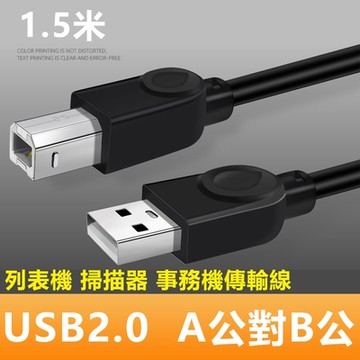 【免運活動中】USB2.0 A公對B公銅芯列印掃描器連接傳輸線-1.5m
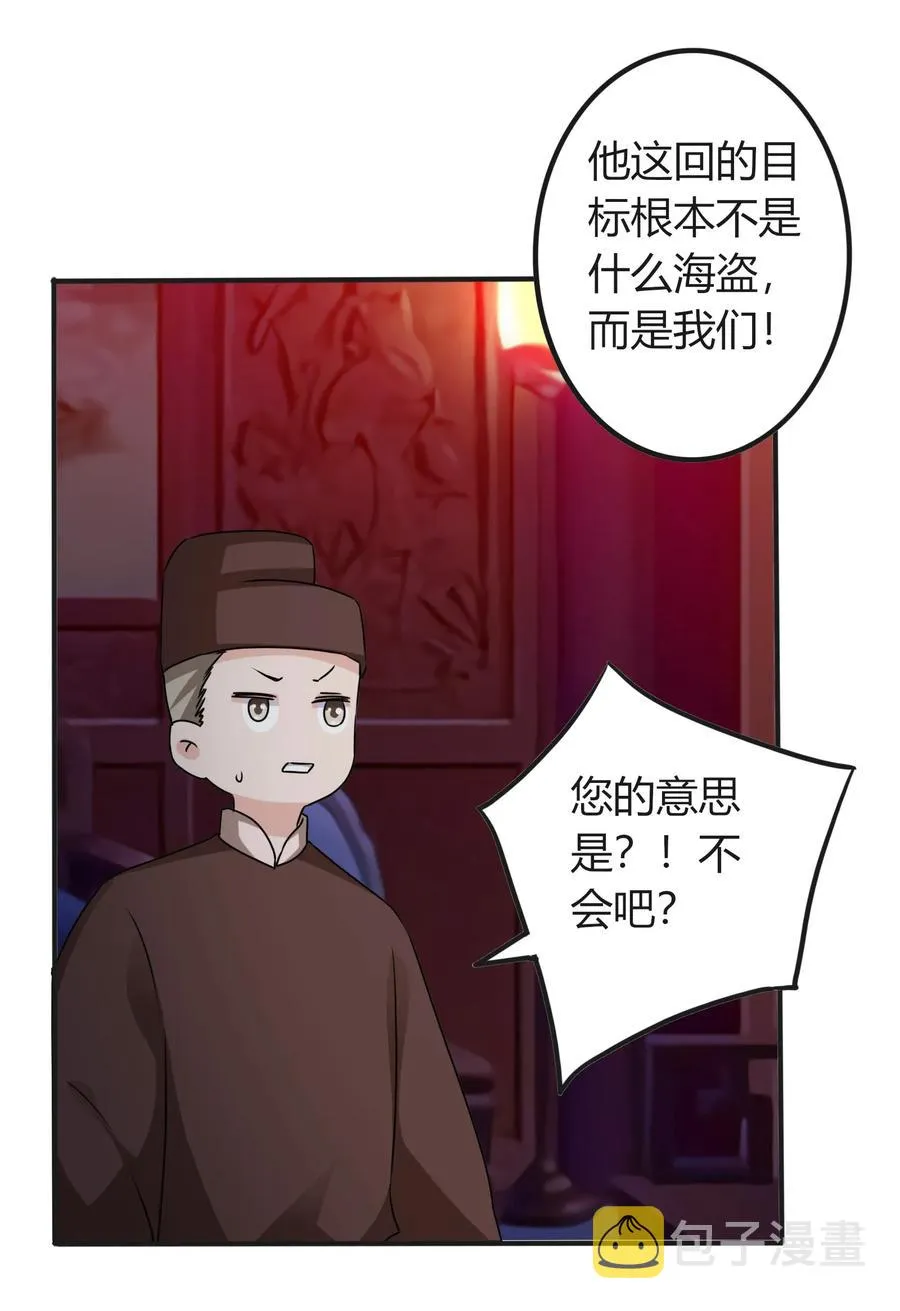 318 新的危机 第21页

§

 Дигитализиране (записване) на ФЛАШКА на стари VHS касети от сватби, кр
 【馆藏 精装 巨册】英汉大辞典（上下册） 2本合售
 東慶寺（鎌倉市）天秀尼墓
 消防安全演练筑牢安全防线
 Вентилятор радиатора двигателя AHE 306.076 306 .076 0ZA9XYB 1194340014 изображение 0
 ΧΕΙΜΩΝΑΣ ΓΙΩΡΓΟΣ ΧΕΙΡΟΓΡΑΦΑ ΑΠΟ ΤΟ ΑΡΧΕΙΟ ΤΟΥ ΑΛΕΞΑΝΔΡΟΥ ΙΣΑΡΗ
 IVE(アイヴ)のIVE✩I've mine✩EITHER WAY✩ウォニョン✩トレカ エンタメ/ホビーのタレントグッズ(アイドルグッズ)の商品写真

§

WHAT YOU HAVE TO DO: Of the entries above, repeat exactly the lines from the line with "ΧΕΙΜΩΝΑΣ ΓΙΩΡΓΟΣ ΧΕΙΡΟΓΡΑΦΑ" through the line with "IVE(アイヴ)のIVE✩I've mine✩EITHER WAY✩ウォニョン✩トレカ", both of them included.

ANSWER BELOW:
 ΧΕΙΜΩΝΑΣ ΓΙΩΡΓΟΣ ΧΕΙΡΟΓΡΑΦΑ ΑΠΟ ΤΟ ΑΡΧΕΙΟ ΤΟΥ ΑΛΕΞΑΝΔΡΟΥ ΙΣΑΡΗ
 IVE(アイヴ)のIVE✩I've mine✩EITHER WAY✩ウォニョン✩トレカ エンタメ/ホビーのタレントグッズ(アイドルグッズ)の商品写真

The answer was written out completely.